会社としては、解雇事由をなるべく広い範囲の事例に対応できるようにすることが大切です。考えられる全ての事由について就業規則に列挙することがお勧めされます。(その就業規則自体が不当なものにならないように注意しながら作成することが重要です。)
解雇事由は、就業規則において定められているのが一般的です。もっとも、解雇事由を網羅的に就業規則に規定することは現実的ではありません。また、いかに労働者が信義を欠く行動をしたり、職務遂行能力が無かったり、会社に損害を与えた場合にも就業規則の解雇事由に該当しない限り解雇できないとすることは不当な結果になりかねません。
そこで一般的には、就業規則の解雇事由は解雇事由を限定した趣旨であることが明らかでない限り例示列挙事由と解され、就業規則に規定のない解雇事由による解雇も有効となる場合があります。この場合、無制限に解雇ができるということではなくて、解雇が客観的に合理的と認められ、社会通念上相当であると認められる場合でなければ解雇権を濫用したものとして無効とされます(労働基準法第18条2項参照)。
なお、就業規則に規定のない解雇事由の解雇は、無用の議論を生じるおそれがありますので、「前各号に準ずる重大な事由」等の包括条項を設けている会社がほとんどであると思われます。
整理解雇とは、会社の経営上の理由(企業経営の合理化、整備等)により人員削減が必要な場合に行われる解雇のことです。
この解雇では、裁判法理上一般に次の4要件を満たすことが必要と考えられています。
- 人員整理を行う業務上の必要性があるか(人員削減の必要性)
- 解雇を回避するために具体的な措置を講ずる努力が十分になされたか(解雇回避努力義務)
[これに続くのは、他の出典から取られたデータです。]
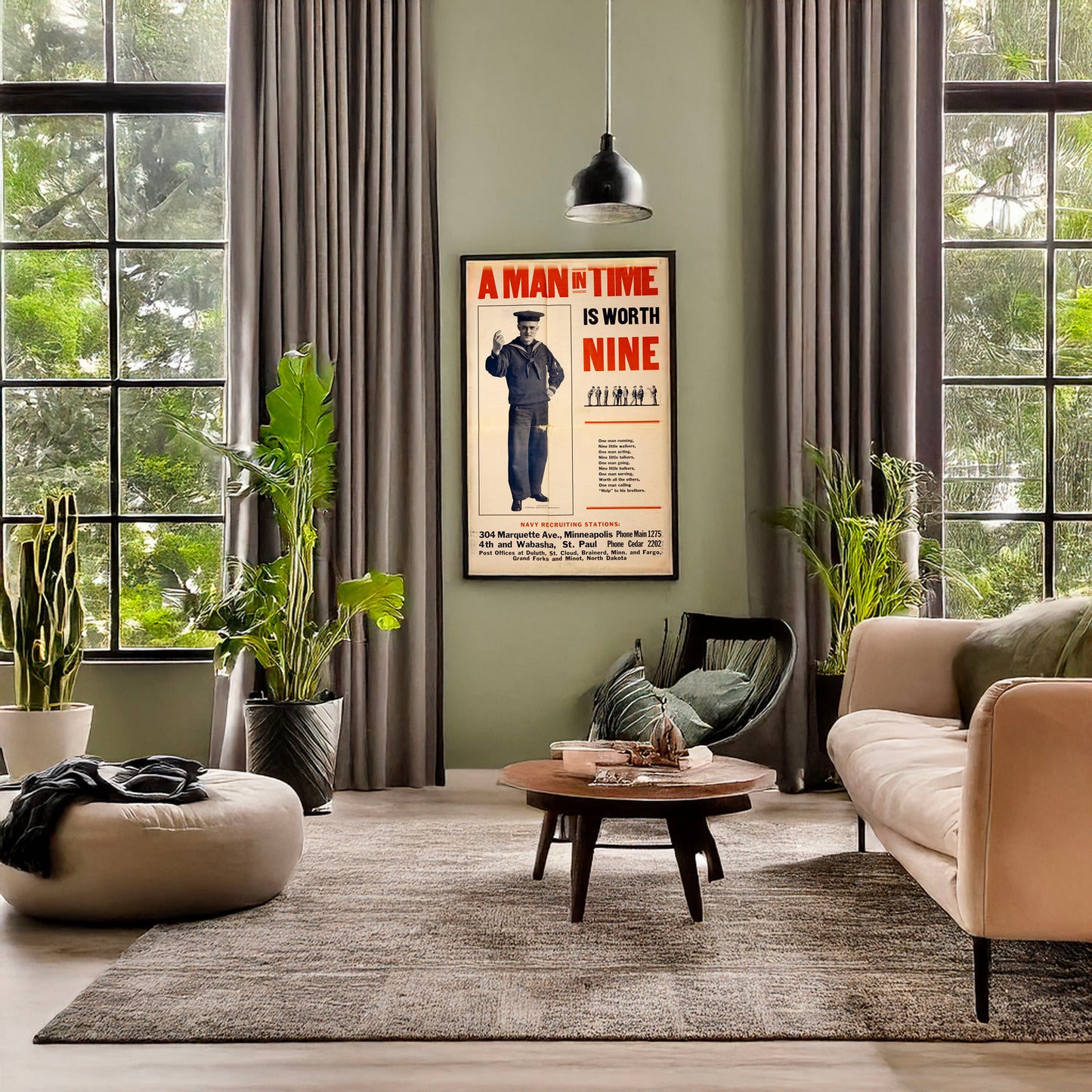 A picture of A man in time is worth nine, a mockup of the print leaning against a wall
- 解雇の基準及びその適用(被解雇者の選定)に合理性があるか(被解雇者選定の合理性)
- 人員整理の必要性と内容について労働者に対し誠実に説明を行い、かつ十分に協議して納得を得るよう努力を尽くしたか(解雇手続きの妥当性)
ただし最近の判例では、整理解雇をする場合、必ずしも整理解雇の4要件全てを満たさなくとも整理解雇が有効と判断するものもあります。つまり、解雇権が濫用的に行使されたかどうかの判断に際しての考慮要素の類型化にすぎないとし、4要件を考慮要素として、個別具体的な事情を総合考慮して判断する裁判例が登場しています。
とはいえ、上記の4類型は考慮要素として重要なことには変わりはないと考えられますので、整理解雇を考える場合には、それが後に解雇権の濫用として無効とならないために、弁護士に相談の上、整理解雇を進めて行くことが重要です。
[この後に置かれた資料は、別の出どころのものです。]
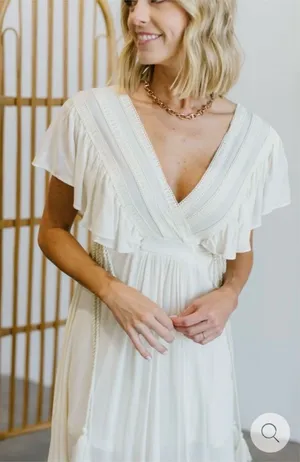 NWT BALTIC BORN IVORY JENNIFER DEEP V-NECK MAXI BOHO DRESS/Maternity SIZE SMALL thumbnail 1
普通解雇と懲戒解雇は、使用者が一方的に雇用契約を解約する意思表示である点では共通します。しかし、懲戒解雇は企業秩序違反を理由に労働者を懲戒する目的でなす解雇である点で、債務不履行等を理由とする普通解雇とは異なります。懲戒解雇には、懲戒という側面と解雇という側面があります。
普通解雇、懲戒解雇ともいずれも、客観的に合理的な理由があり客観的に合理的な理由があり、社会通念上相当と認められる場合でなければ、解雇権の濫用として無効(労働契約法16条)となることは共通です。 しかし、懲戒解雇の場合は、普通解雇の場合と比べて、有効性の判断は、就業規則や退職金規程等において退職金を支払わない旨規定していることが多く、また再就職等に際し大きな不利益を負うことになるため、また後述のように解雇予告手当を支払わなくて良い場合もあるのでより厳しく判断されることになります。
就業規則上の懲戒解雇事由に該当すること
普通解雇の場合には、就業規則の事由に該当しない解雇も一定の要件の下になしうると考えられています(就業規則に記載されていない事由で従業員を解雇できますか?の項を参照)。これに対して、懲戒解雇の場合は、就業規則の懲戒解雇事由に当たらない事由によって懲戒解雇することはできない(限定列挙)とされています。それは、懲戒解雇が、懲戒処分のうち、企業の外に放逐するという最も重い処分として行われるものであるため、解雇事由はあらかじめ就業規則に明確に定めておく必要があるためです。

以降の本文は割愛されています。